1. Smarter-than-human AI probably isn’t coming “soon.”

“Computers will soon become more intelligent than us,” the story begins, but few experts I know think this is likely.

recent survey asked the world’s top-cited living AI scientists by what year they’d assign a 10% / 50% / 90% chance of human-level AI (aka AGI), assuming scientific progress isn’t massively disrupted. The median reply for a 10% chance of AGI was 2024, for a 50% chance of AGI it was 2050, and for a 90% chance of AGI it was 2070. So while AI scientists think it’s possible we might get AGI soon, they largely expect AGI to be an issue for the second half of this century.

Moreover, many of those who specialize in thinking about AGI safety actually think AGI is further away than the top-cited AI scientists do. For example, relative to the surveyed AI scientists, Nick Bostrom and I both think more probability should be placed on later years. We advocate more work on the AGI safety challenge today not because we think AGI is likely in the next decade or two, but because AGI safety looks to be an extremely difficult challenge — more challenging than managing climate change, for example — and one requiring several decades of careful preparation.

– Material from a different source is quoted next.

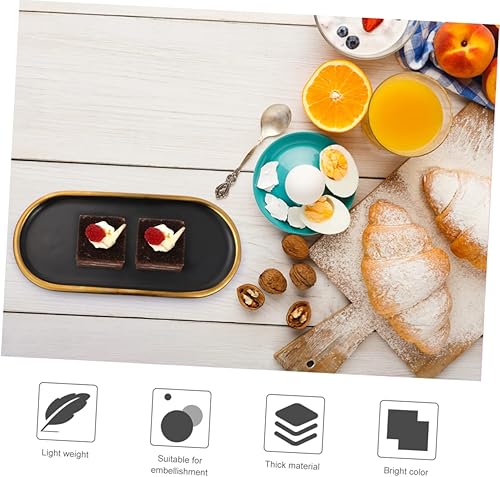 Miniatura 2 de NOLITOY Bandeja de cerámica para joyas, plato de sushi, bandeja de servir color negro, bandeja decorativa para alimentos de cerámica, plato de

The greatest risks from both climate change and AI are several decades away, but thousands of smart researchers and policy-makers are already working to understand and mitigate climate change, and only a handful are working on the safety challenges of advanced AI. On the present margin, we should have much less top-flight cognitive talent going into climate change mitigation, and much more going into AGI safety research.


2. How many people are working to make sure AGI is friendly to humans?

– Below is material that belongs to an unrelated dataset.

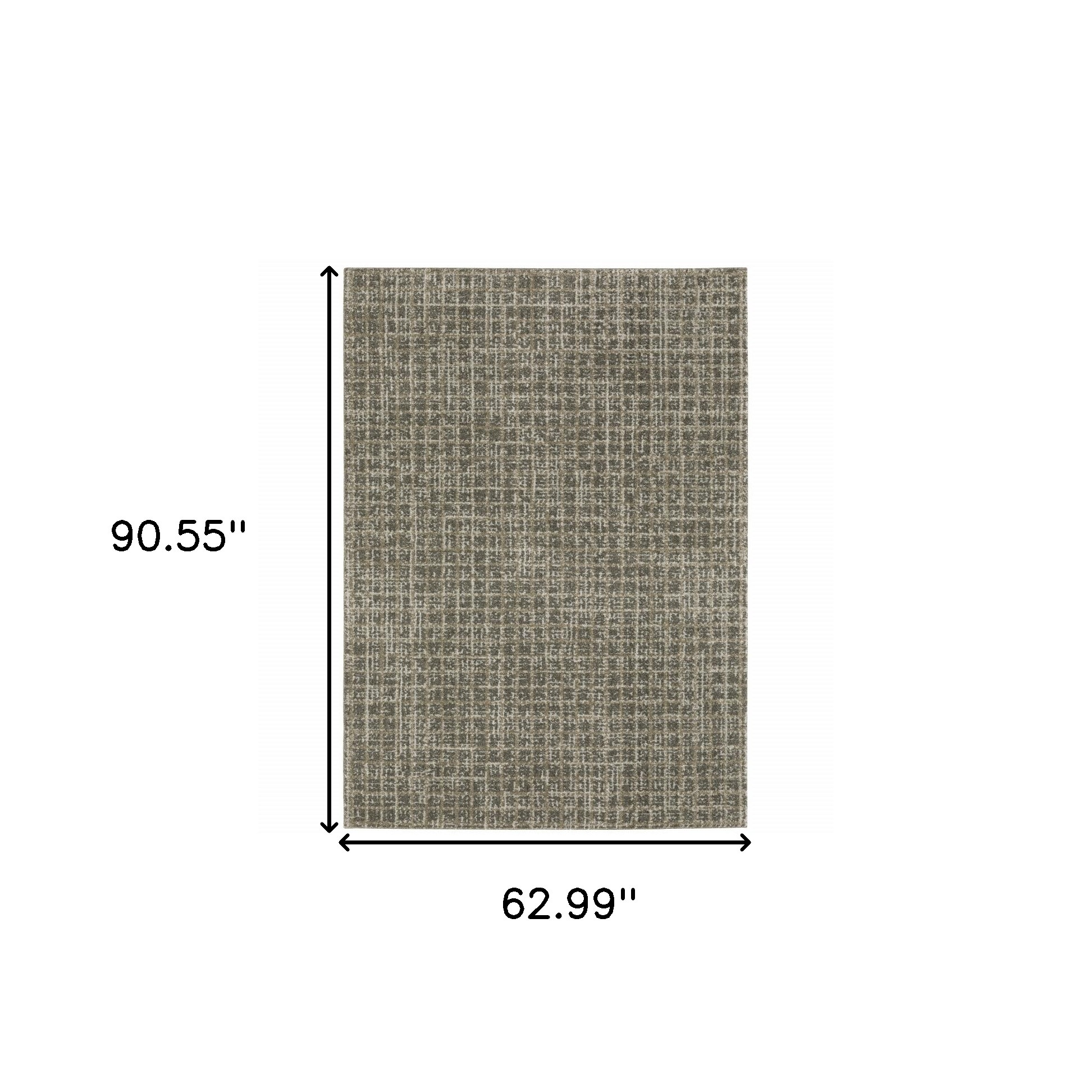 5" X 8" Gray Geometric Power Loom Area Rug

The FT piece cites me as saying there are only five people in the world “working on how to [program] the super-smart machines of the not-too-distant future to make sure AI remains friendly.” I did say something kind of like this, but it requires clarification.

What I mean is that “When you add up fractions of people, there are about five people (that I know of) explicitly doing technical research on the problem of how to ensure that a smarter-than-human AI has a positive impact even as it radically improves itself.”

These fractions of people are: (a) most of the full-time labor of Eliezer Yudkowsky, Benja Fallenstein, Nate Soares (all at MIRI), and Stuart Armstrong (Oxford), plus (b) much smaller fractions of people who do technical research on “Friendly AI” on the side, for example MIRI’s (unpaid) research associates.

Of course, there are many, many more researchers than this doing (a) non-technical work on AGI safety, or doing (b) technical work on AI safety for extant or near-future systems, or doing (c) occasional technical work on AGI safety done with very different conceptions of “positive impact” or “radically improves itself” than I have.


3. An AGI wouldn’t necessarily see humans as “mere” collections of matter.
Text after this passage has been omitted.